Content starts

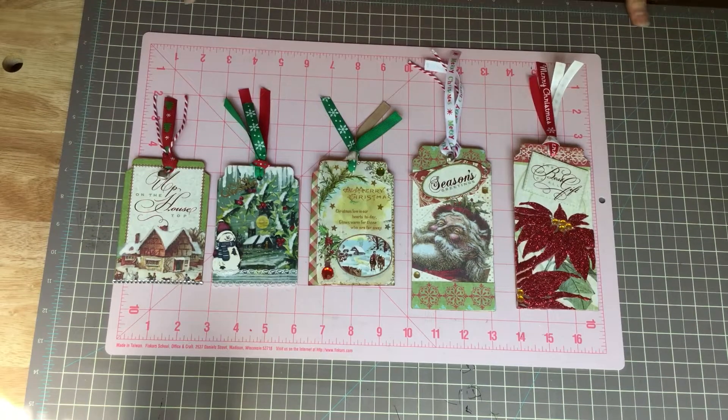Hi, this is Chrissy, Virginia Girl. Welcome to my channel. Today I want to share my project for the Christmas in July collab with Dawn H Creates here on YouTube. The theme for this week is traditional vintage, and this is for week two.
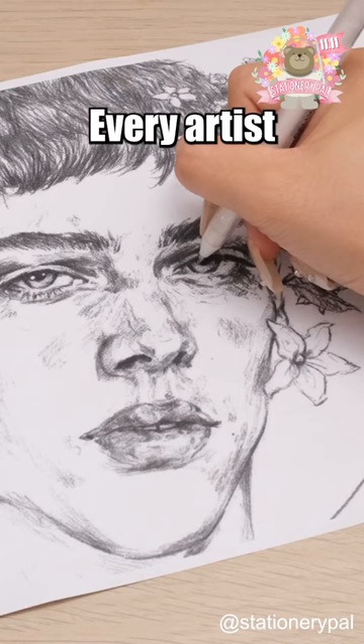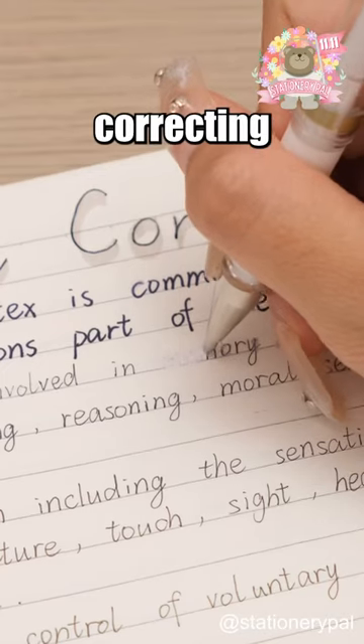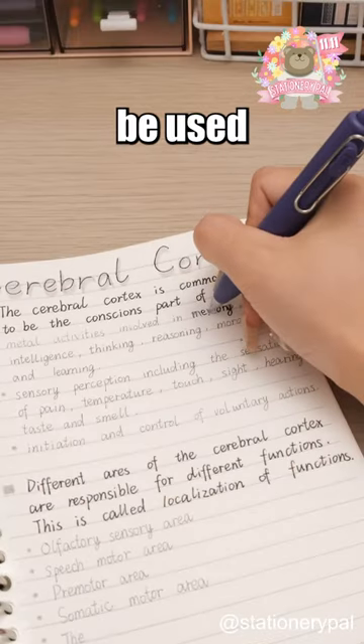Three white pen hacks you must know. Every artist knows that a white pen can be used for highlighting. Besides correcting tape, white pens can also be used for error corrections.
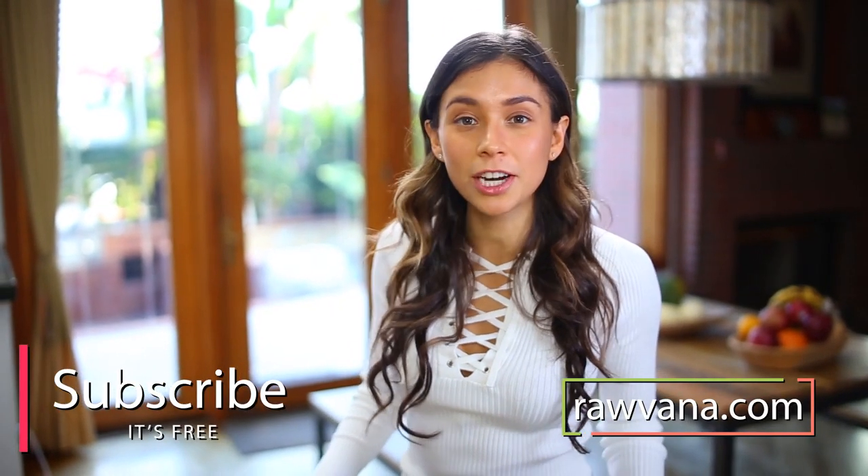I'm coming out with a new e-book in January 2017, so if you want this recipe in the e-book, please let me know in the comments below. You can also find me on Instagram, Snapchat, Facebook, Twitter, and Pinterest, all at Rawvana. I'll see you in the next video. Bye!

Content ends
Content starts

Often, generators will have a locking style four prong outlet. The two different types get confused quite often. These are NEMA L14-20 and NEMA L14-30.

Content ends

• **Work to complete**:
Every line above between the one containing "Three white pen" and the one containing "I'm coming out", those two included, is to be printed exactly. No pictures go into the copy.

• **Exercise response**:
Three white pen hacks you must know. Every artist knows that a white pen can be used for highlighting. Besides correcting tape, white pens can also be used for error corrections.
I'm coming out with a new e-book in January 2017, so if you want this recipe in the e-book, please let me know in the comments below. You can also find me on Instagram, Snapchat, Facebook, Twitter, and Pinterest, all at Rawvana. I'll see you in the next video. Bye!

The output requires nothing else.